A pavise of circa 1490 bearing the arms of Ravensburg in Württemberg: Argent, a castle sable.
The rising sun badge of Edward III, still in use today as an inn sign.
In 1417 Henry V of England sent Letters Patent to sheriffs of three counties declaring that ‘whereas in recent expeditions abroad many persons had taken to themselves Arms and tunics of Arms called “Cotearmures” which neither they nor their ancestors had used in time past, no man of whatever rank should henceforth take arms unless he possessed them by ancestral right or by the grant of some person having authority sufficient thereunto’. That same year Henry created a new heraldic officer, Garter Principal King of Arms of Englishmen, whose province was the whole of England and Wales and who was responsible for issuing Patents of Arms for peers.
Shortly after these steps, Thomas, Duke of Clarence and brother to Henry V, appears to have issued ordinances which granted to the Kings of Arms the right to assign arms to persons within their provinces. The oldest known Patent issued by a King of Arms is dated 10 March 1439, and was issued by Sir William Bruges, first Garter King of Arms, to the Drapers’ Company of London.

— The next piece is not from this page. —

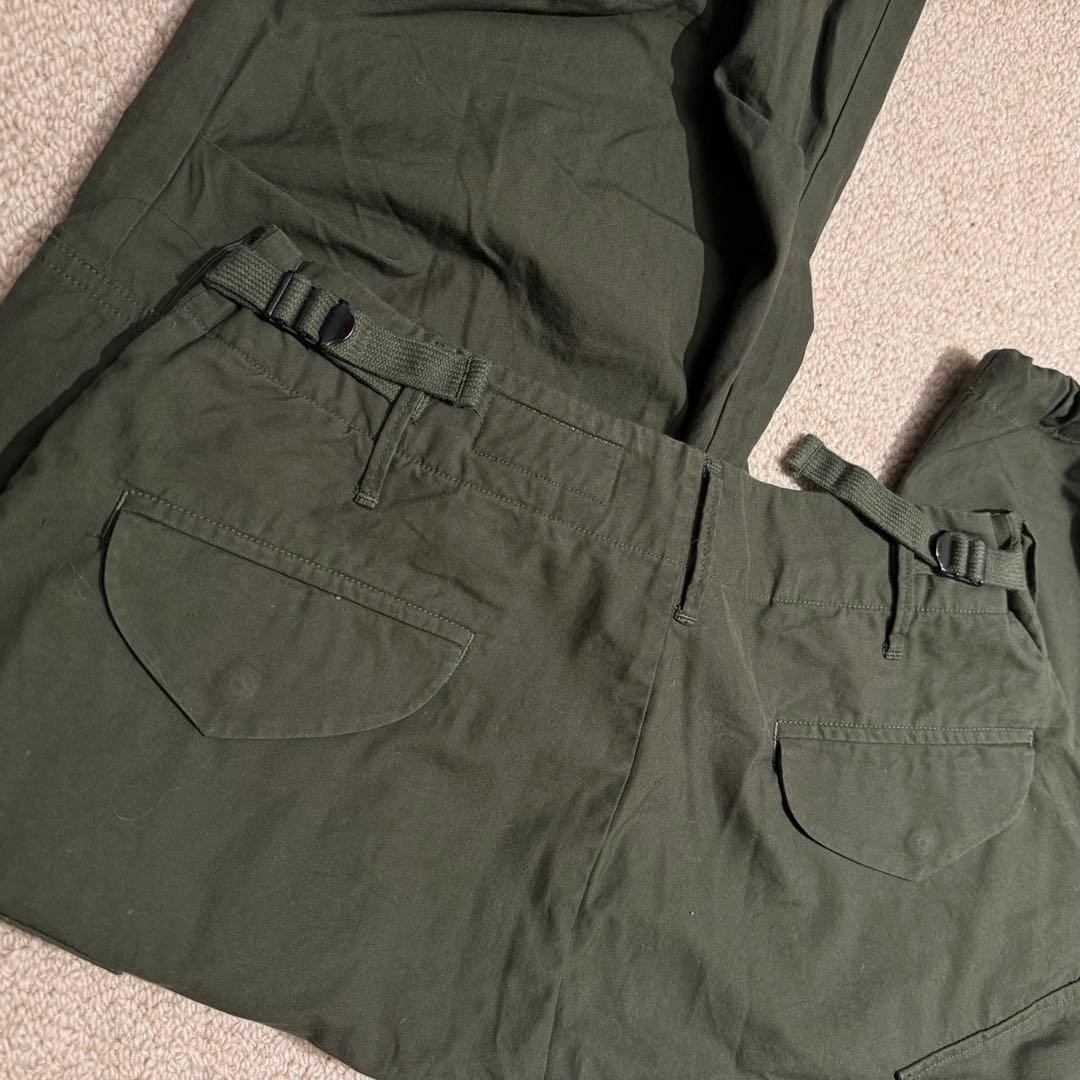 YAECA like wear カーゴパンツ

In 1484 Richard III by Royal Charter incorporated the College of Arms, or Heralds’ College, which controls the use of armorial bearings in England (and Wales officially) to this day. The College of Arms is presided over by the Earl Marshal and apart from the three Kings of Arms it has six heralds—Somerset, Chester, Windsor, Richmond, Lancaster and York; and four pursuivants—Rouge Croix, Rouge Dragon, Portcullis and Bluemantle. The Court of Lord Lyon (King of Arms) in Scotland is in fact pre-heraldic. It has three heralds—Albany, Marchmont and Rothesay; and three pursuivants—Carrick, Unicorn and Kintyre. The office of Ulster King of Arms was instituted in 1553 and existed until 1940, when it was amalgamated with Norrey King of Arms. The office of Ireland King of Arms existed for a short period only prior to 1553.
In Portugal heralds were introduced during the reign of James I (1385–1433). A complete record of the arms of the nobility was drawn up in 1509 by the King of Arms, and Portuguese heraldry continued to be regulated by the heralds until 1910, when the monarchy was replaced by a republic.

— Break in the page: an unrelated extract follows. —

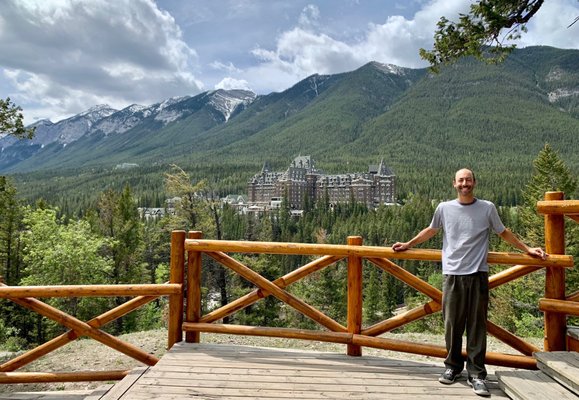 Banff National Park by null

German heralds were active and effective in the medieval period but had become extinct by the 1700s. It is significant that there was no word in the German language for herald until the Renaissance, the term Knappen von der Wappen (esquires of arms) being used instead. The German ‘Knappen’ only broke from their wandering life by taking employment with the Tourney Societies, and in many German states the heralds never attained a position at court, the regulation of heraldry being handled by clerks under the court chancellor.
The Spanish heralds, like the French, seem to have been relegated to a secondary rôle by the kings of the various kingdoms, arms being granted by the kings and cases of duplication of arms being settled by the kings, the heralds playing only a consultant rôle. This was also the case in Denmark, where there was no official body of heralds, and arms were assumed or granted by the king by Letters of Patent.